Start of Entries provided

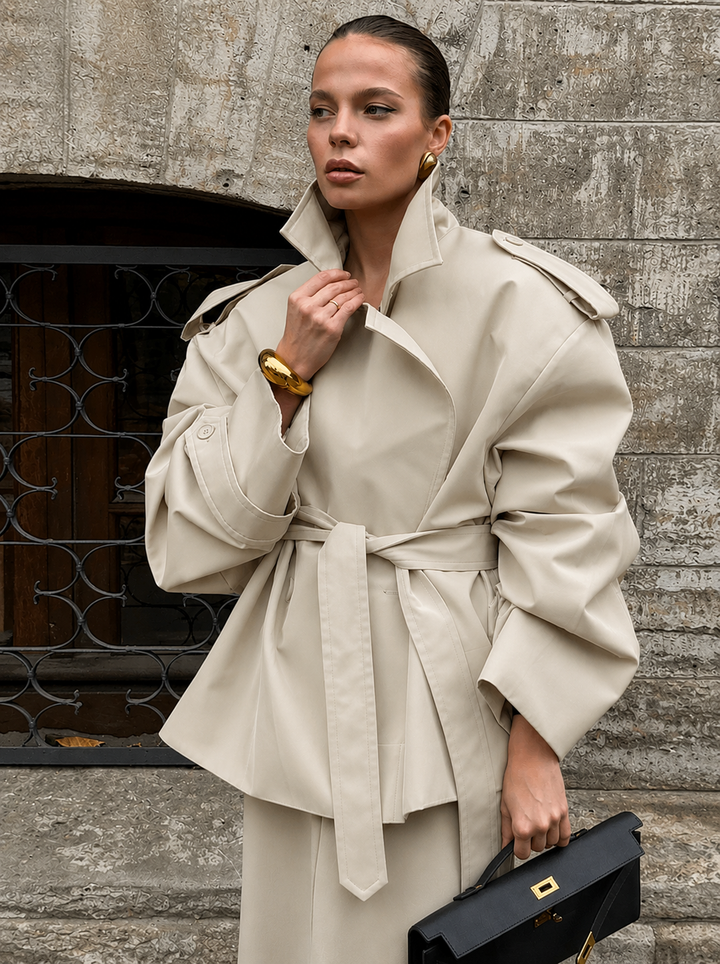 Women's Short Trench Coat with Belt | Oversized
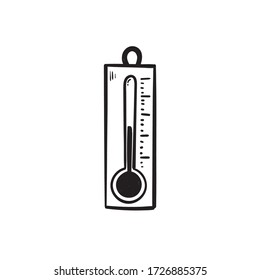 hand drawn doodle thermometer icon illustration vector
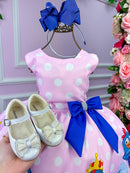 Vestido Tematicos Luxo Galinha Pintadinha Rosa e Azul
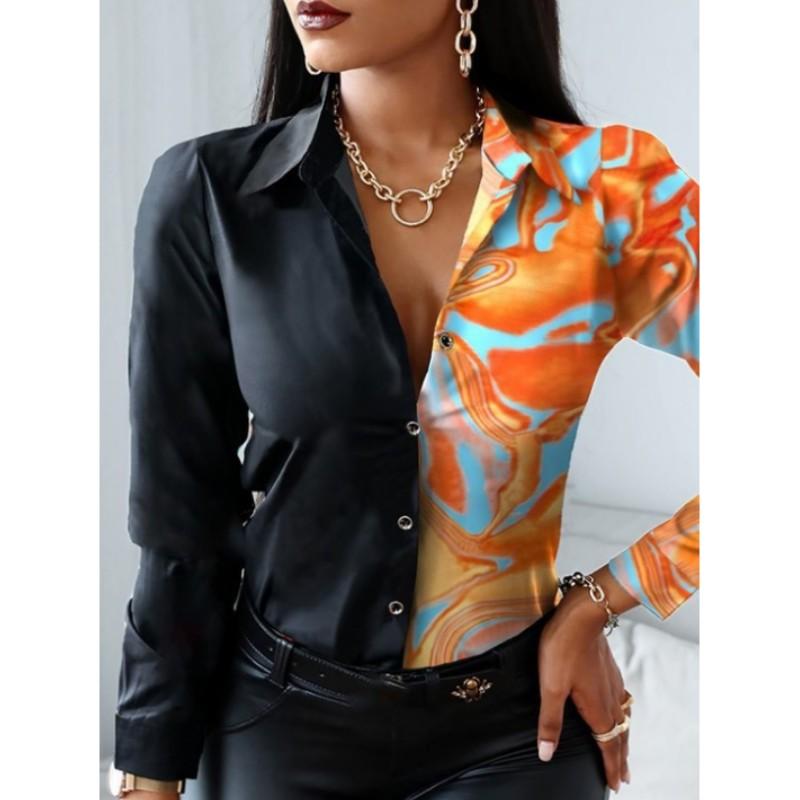 Women's Autumn Long Sleeved V-neck Color Blocked Retro Style Shirt, Loose and Elegant Casual Top
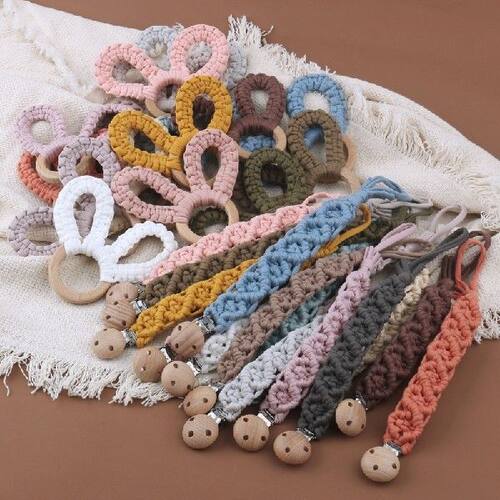 极速Pacifier Clip Rabbit uEars Rattle Teether Infant Teethin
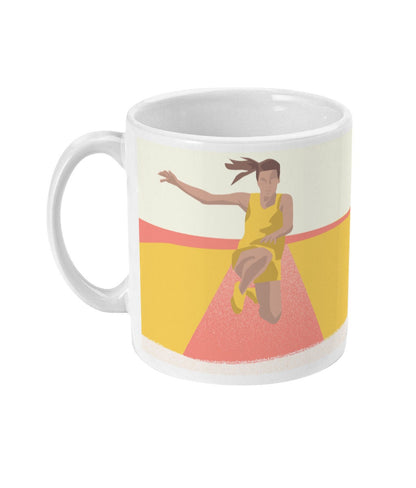 Leichtathletik-Tasse oder Tasse „Athletischer Sprung der Frauen“ – personalisierbar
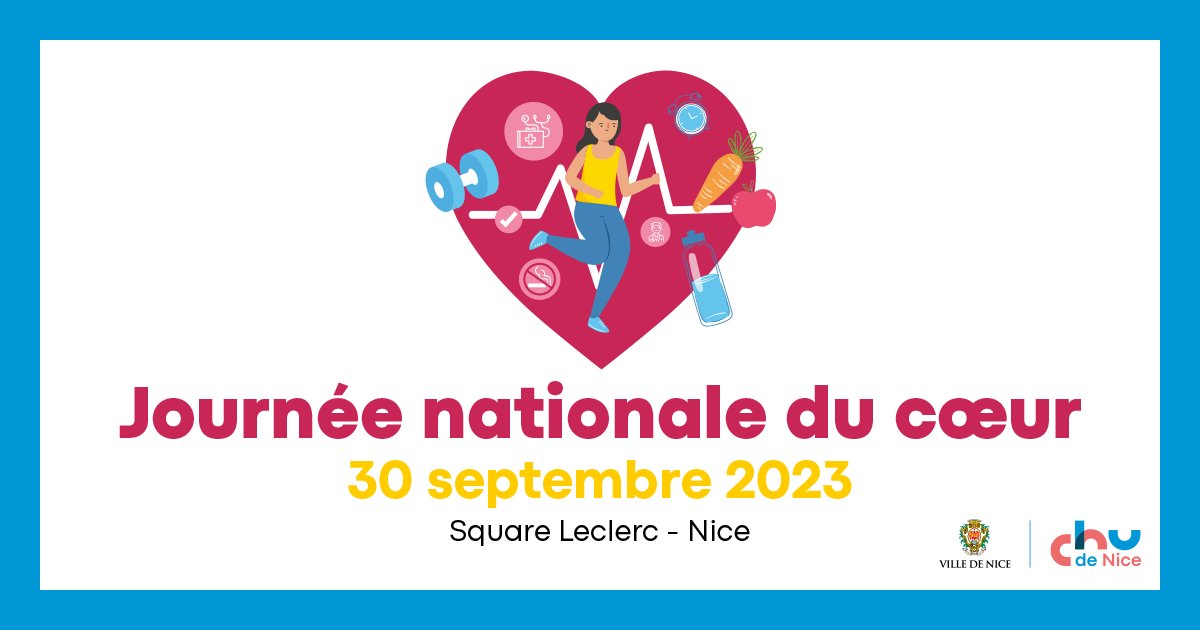 CHUdeNice's tweet photo. #Journéeducœur
♥️Venez participer aux ateliers de #préventioncardiovasculaire et aux activités préparés avec notre équipe de #cardiologie.
📅Samedi 30/09 à partir️ de 9h30
🔗Informations et inscriptions: https://t.co/AAW1jOWfc8
En partenariat avec la @VilledeNice 
#CHUdeNice https://t.co/orK2VgF2Qs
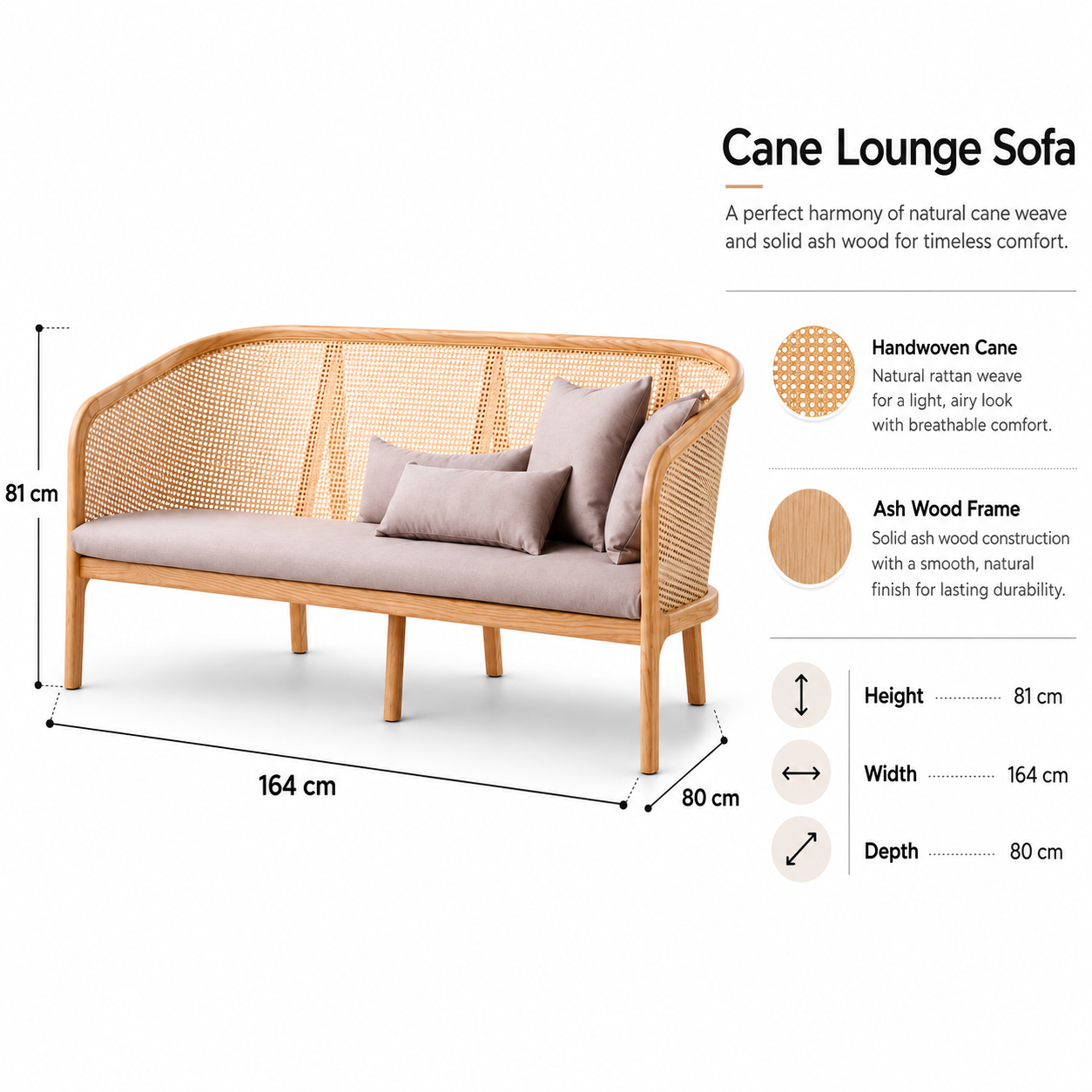 Scandinavian Upholstered Living Room Sofa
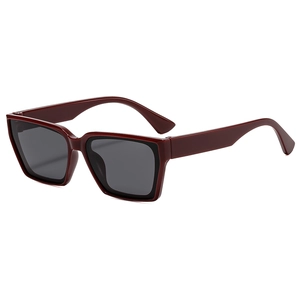 Minimalist square frame sunglasses in dark red finish with grey polarized lenses for men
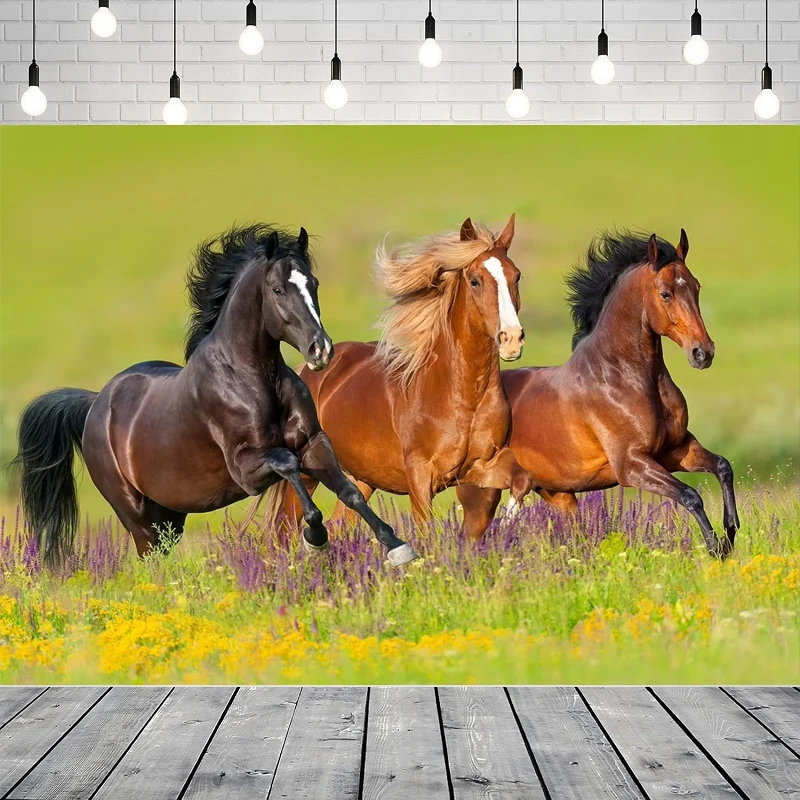 

Photography Backdrop Horse Running Mountain Grassland Flowers Spring Landscape Background Interior Decor Portrait Shoot Poster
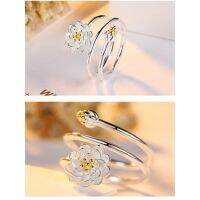 S925 Sterling Silver Multi-layer Lotus Ring for Womens Personality and Creativity Rings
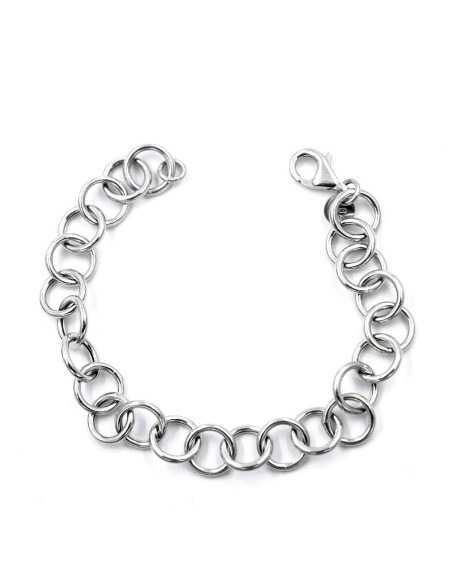 Bracciale Catena Donna in Argento 925 Rodiato Con Ciondolo Doppia Stella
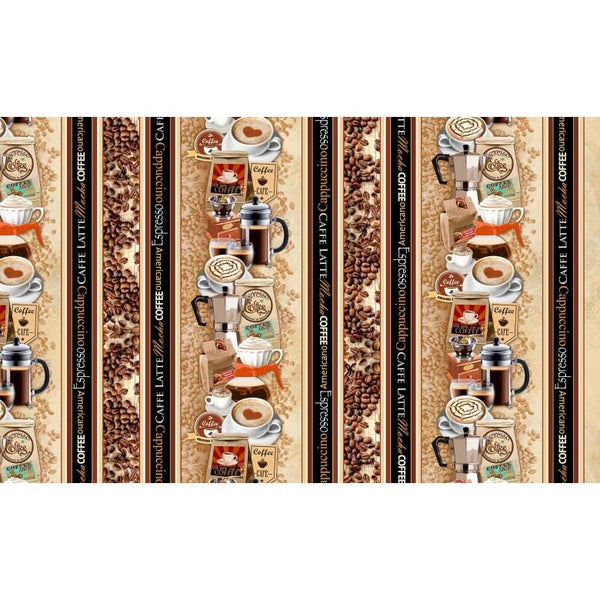 Image of the Espresso Yourself Java Joy Stripe Latte quilting cotton fabric by Michael Miller. Features striped coffee drinks on a cream background. 
Cute Little Fabric Shop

End of Entries provided

[Task] The copy should match each line above exactly and contain no images.

[Your response]
 Women's Short Trench Coat with Belt | Oversized
 hand drawn doodle thermometer icon illustration vector
 Vestido Tematicos Luxo Galinha Pintadinha Rosa e Azul
 Women's Autumn Long Sleeved V-neck Color Blocked Retro Style Shirt, Loose and Elegant Casual Top
 极速Pacifier Clip Rabbit uEars Rattle Teether Infant Teethin
 Leichtathletik-Tasse oder Tasse „Athletischer Sprung der Frauen“ – personalisierbar
 CHUdeNice's tweet photo. #Journéeducœur
♥️Venez participer aux ateliers de #préventioncardiovasculaire et aux activités préparés avec notre équipe de #cardiologie.
📅Samedi 30/09 à partir️ de 9h30
🔗Informations et inscriptions: https://t.co/AAW1jOWfc8
En partenariat avec la @VilledeNice 
#CHUdeNice https://t.co/orK2VgF2Qs
 Scandinavian Upholstered Living Room Sofa
 Minimalist square frame sunglasses in dark red finish with grey polarized lenses for men

Photography Backdrop Horse Running Mountain Grassland Flowers Spring Landscape Background Interior Decor Portrait Shoot Poster
 S925 Sterling Silver Multi-layer Lotus Ring for Womens Personality and Creativity Rings
 Bracciale Catena Donna in Argento 925 Rodiato Con Ciondolo Doppia Stella
 Image of the Espresso Yourself Java Joy Stripe Latte quilting cotton fabric by Michael Miller. Features striped coffee drinks on a cream background. 
Cute Little Fabric Shop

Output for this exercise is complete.